In an evolutionary context, hyper attention no doubt developed first; deep attention is a relative luxury requiring group cooperation to create a secure environment in which one does not have constantly to be alert to impending dangers. Developed societies, of course, have long been able to create the kind of environments conducive to deep attention. Educational institutions have specialized in them, combining such resources as quiet with assigned tasks that demand deep attention to complete successfully. So standard has deep attention become in educational settings that it is the de facto norm, with hyper attention regarded as defective behavior that scarcely qualifies as a cognitive mode at all. This situation would not necessarily be a problem, were it not for the possibility that a generational shift from deep to hyper attention is taking place. In this case, serious incompatibilities arise between the expectations of educators, trained in deep attention and saturated with assumptions about its inherent superiority, and the preferred cognitive mode of young people who squirm in the procrustean beds outfitted for them by their elders. We would then expect a looming crisis that would necessitate a re-evaluation of the relative merits of hyper versus deep attention, serious reflection about how a constructive synthesis between deep and hyper attention might be achieved, and a thorough-going revision of educational methods. But I am getting ahead of my story. First let us look at the evidence that a generational shift from deep to hyper attention is in progress.

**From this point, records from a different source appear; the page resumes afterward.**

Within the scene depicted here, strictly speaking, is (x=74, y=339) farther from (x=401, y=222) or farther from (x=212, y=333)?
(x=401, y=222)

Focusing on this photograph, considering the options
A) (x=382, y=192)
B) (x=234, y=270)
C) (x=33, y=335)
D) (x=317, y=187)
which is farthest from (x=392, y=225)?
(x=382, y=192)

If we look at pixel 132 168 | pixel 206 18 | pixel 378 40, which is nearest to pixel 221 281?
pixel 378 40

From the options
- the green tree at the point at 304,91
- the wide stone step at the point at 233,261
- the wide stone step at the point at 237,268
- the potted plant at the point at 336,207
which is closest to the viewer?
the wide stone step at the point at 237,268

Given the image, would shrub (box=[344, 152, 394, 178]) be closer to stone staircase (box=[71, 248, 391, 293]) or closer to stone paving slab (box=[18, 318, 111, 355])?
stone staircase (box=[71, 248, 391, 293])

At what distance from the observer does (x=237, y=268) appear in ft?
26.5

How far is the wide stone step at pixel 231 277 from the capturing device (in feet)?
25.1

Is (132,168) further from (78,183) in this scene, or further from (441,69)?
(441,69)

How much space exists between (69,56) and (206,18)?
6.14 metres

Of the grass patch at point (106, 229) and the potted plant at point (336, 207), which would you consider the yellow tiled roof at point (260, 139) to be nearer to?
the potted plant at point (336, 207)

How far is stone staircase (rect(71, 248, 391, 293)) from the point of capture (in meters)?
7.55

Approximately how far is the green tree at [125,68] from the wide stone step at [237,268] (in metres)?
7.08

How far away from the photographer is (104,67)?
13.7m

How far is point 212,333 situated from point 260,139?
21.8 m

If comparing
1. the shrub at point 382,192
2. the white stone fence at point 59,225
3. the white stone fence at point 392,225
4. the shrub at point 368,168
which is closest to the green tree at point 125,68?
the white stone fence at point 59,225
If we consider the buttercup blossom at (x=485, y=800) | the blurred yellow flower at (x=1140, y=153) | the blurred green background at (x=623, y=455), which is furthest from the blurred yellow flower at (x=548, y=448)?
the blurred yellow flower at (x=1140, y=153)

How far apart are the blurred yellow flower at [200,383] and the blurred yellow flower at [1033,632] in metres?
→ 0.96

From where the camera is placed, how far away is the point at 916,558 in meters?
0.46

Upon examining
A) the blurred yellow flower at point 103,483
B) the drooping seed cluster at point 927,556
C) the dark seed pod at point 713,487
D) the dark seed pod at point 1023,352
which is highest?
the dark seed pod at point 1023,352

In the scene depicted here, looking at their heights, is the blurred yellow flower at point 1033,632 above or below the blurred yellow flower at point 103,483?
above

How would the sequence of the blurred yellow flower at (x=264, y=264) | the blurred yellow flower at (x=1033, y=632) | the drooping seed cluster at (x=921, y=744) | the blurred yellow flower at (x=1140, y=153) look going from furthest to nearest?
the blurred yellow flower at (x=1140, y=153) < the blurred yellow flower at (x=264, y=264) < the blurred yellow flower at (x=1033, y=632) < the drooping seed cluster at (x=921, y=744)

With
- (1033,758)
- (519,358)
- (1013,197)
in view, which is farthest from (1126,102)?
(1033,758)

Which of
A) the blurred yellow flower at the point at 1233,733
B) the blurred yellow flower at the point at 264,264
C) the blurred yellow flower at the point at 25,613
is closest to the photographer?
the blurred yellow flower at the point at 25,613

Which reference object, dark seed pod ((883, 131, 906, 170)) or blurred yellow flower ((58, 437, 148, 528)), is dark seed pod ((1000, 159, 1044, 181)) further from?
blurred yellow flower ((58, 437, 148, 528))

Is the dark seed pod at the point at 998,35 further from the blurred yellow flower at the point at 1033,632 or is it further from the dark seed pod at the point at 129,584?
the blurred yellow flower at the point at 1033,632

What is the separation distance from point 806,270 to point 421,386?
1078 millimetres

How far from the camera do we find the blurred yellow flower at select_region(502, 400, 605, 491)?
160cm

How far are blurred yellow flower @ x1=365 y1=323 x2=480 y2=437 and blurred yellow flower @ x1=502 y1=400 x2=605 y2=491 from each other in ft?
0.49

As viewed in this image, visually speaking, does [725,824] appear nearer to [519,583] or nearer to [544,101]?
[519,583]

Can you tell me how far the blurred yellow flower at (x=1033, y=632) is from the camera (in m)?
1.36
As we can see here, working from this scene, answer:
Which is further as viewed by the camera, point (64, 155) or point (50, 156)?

The Shift to Hyper Attention: Generation M
Anecdotal evidence from educators with whom I have spoken at institutions across the country confirms that students are tending toward hyper attention. During 2005-2006 I had the privilege of serving as a Phi Beta Kappa Visiting Scholar, making three-day visits during which I gave lectures, conferred with faculty, and talked with students. I repeatedly heard comments from faculty to the effect that “I can’t get my students to read whole novels anymore, so I have taken to assigning short stories.” When I queried students, there was a more or less even split between those who identified with deep attention and others who preferred hyper attention, but they unanimously agreed that their younger siblings were completely into hyper attention.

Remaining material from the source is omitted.